Task objective: Set the material down again exactly, line by line, skipping each picture.

Supplied data:
*****
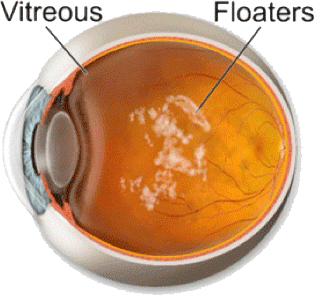 Floaters in het oog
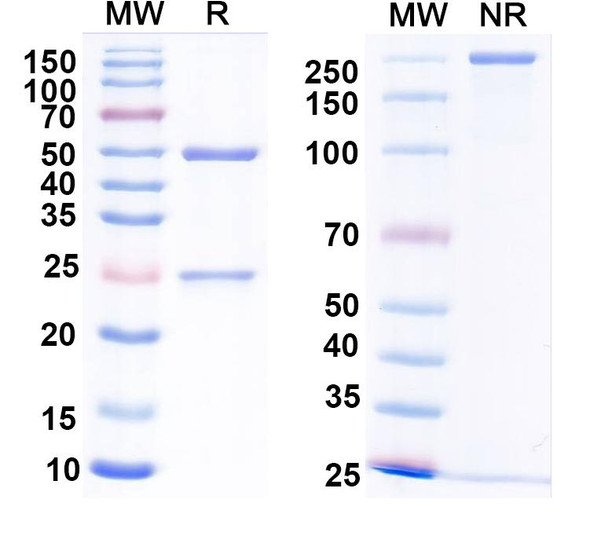 Anti-Agrobacterium sp. aroA/EPSPS Monoclonal Antibody (1A076) - SDS-PAGE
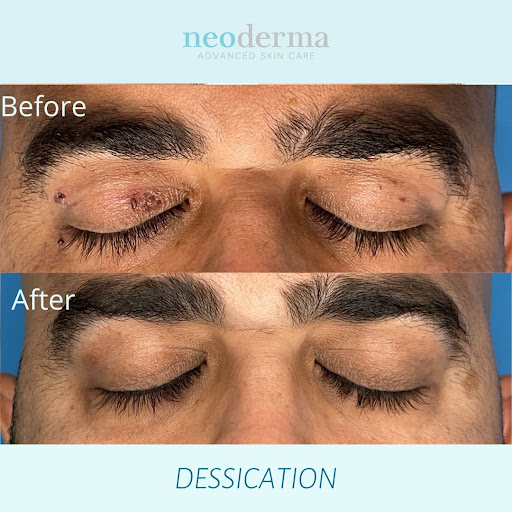 Explore slave tattoo ideas, creative tattoo ideas in Anaheim, available at Neoderma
*****
Written solution:
 Floaters in het oog
 Anti-Agrobacterium sp. aroA/EPSPS Monoclonal Antibody (1A076) - SDS-PAGE
 Explore slave tattoo ideas, creative tattoo ideas in Anaheim, available at Neoderma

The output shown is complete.